You could almost mistake it for something like Funeral Home—well, if it were anywhere nearly as unhinged as Funeral Home, anyway. Rather, it only reflects that sort of somberness without carrying over any of the verve; somehow, even a climax that features Chekov’s nail-gun fails to excite, leaving you disappointed that the Great White North’s take on Amityville is a dud centered on a predictable murder mystery.

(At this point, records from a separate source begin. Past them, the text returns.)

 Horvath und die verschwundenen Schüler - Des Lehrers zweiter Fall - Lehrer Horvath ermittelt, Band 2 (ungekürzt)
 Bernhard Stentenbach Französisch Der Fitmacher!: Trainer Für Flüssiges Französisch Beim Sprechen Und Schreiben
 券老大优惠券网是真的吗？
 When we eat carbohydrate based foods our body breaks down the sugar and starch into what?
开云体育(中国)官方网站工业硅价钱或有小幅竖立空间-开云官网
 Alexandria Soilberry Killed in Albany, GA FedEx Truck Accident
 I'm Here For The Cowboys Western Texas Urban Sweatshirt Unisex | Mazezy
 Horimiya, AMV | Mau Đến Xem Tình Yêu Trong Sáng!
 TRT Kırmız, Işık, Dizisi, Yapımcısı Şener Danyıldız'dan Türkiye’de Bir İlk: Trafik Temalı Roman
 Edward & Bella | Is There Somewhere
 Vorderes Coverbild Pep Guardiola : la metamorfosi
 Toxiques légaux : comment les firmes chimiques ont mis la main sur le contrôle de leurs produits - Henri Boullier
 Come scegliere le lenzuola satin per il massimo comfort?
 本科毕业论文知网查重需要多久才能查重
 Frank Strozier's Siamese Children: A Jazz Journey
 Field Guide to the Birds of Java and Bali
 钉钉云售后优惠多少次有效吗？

It almost feels appropriate the trio of 90s Amityville movies can be described like episodes of Friends: there’s “The One with the Dollhouse,” “The One with the Clock,” and this, “The One with the Mirror.” The most lackluster of this trilogy (which is, of course, no real trilogy at all), A New Generation all but acknowledges this franchise’s total disregard for continuity by concocting yet another tragic backstory for the Amityville house. The only thing it has a more tenuous grasp of is an understanding of the legal system, as it imagines that a man who slays most of his family could one day be freed from a psychiatric ward due to bureaucratic nonsense. What’s more, he surmounts unbelievable odds by later crossing paths with his (understandably) estranged son and pass down a family heirloom in the form of a haunted mirror.

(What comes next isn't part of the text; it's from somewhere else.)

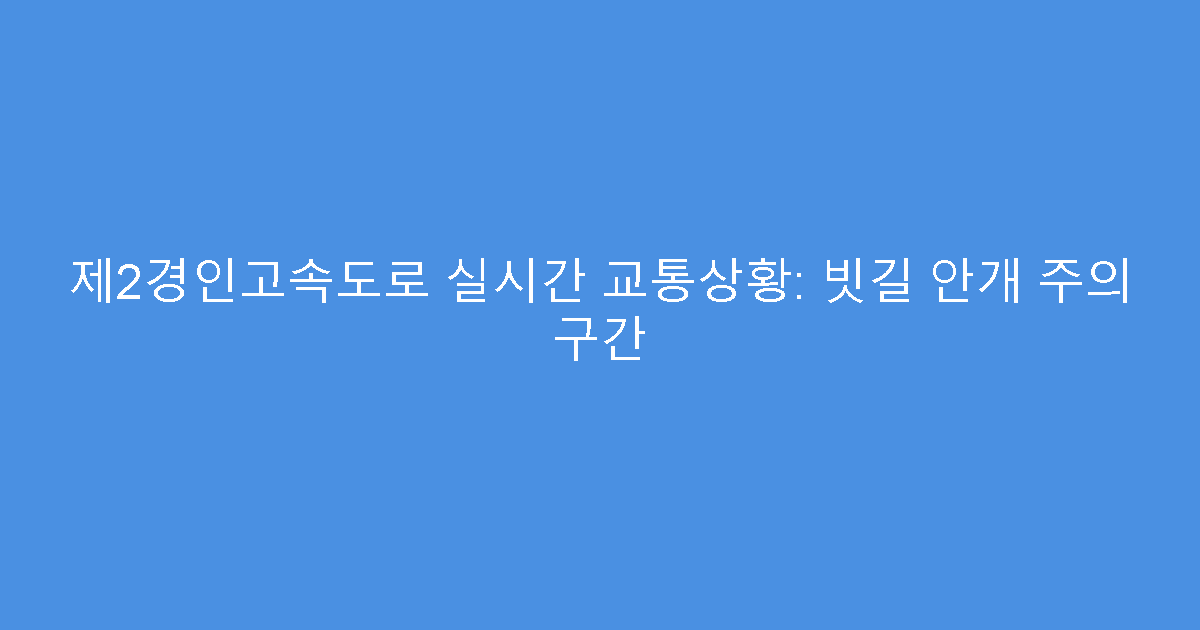 제2경인고속도로 실시간 교통상황: 빗길 안개 주의 구간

This plot plays out like some kind of mystery, but, come on—it’s all right there in the damn subtitle. In the absence of any mystery or suspense, you’re left observing a dull, predictable array of paranormal activity terrorize a bunch of starving artists in their apartment building. Unfortunately, it lacks both the ludicrous and splattery impulses of its superior predecessors, leaving the audience to sift through a tedious drama where yet another guy loses his mind. When combined with a setting that’s far removed from the franchise’s usual domestic trappings, it’s virtually unrecognizable as an Amityville movie, save for the infamous house’s fleeting appearances in the mirror.

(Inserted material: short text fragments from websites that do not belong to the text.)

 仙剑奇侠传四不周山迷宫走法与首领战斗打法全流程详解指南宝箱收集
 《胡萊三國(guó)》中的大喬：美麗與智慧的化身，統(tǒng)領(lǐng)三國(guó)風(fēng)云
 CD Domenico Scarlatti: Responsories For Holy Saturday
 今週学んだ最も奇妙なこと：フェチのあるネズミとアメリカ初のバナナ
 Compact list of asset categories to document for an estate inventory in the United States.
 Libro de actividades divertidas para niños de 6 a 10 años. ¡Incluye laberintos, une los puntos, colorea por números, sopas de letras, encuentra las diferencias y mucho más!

What it (and, surprisingly, most of these later entries) doesn’t lack is a wealth of talent in front of and behind the camera. A fun host of familiar faces appears: Terry O’Quinn, Richard Roundtree, Robert Rustler, Lin Shaye, Barbara Howard, Tom Wright, and David Naughton come and go, many of them underutilized but appreciated all the same. Capturing them is cinematographer Wally Pfister, who went on to become Christopher Nolan’s DP of choice less than a decade later. Not a bad career arc, though I’d be lying if I don’t chuckle at the thought of Nolan giving Pfister shit: “What do you mean you had to shoot a scene where a painter rigs her apartment full of nooses instead of regular pulleys?”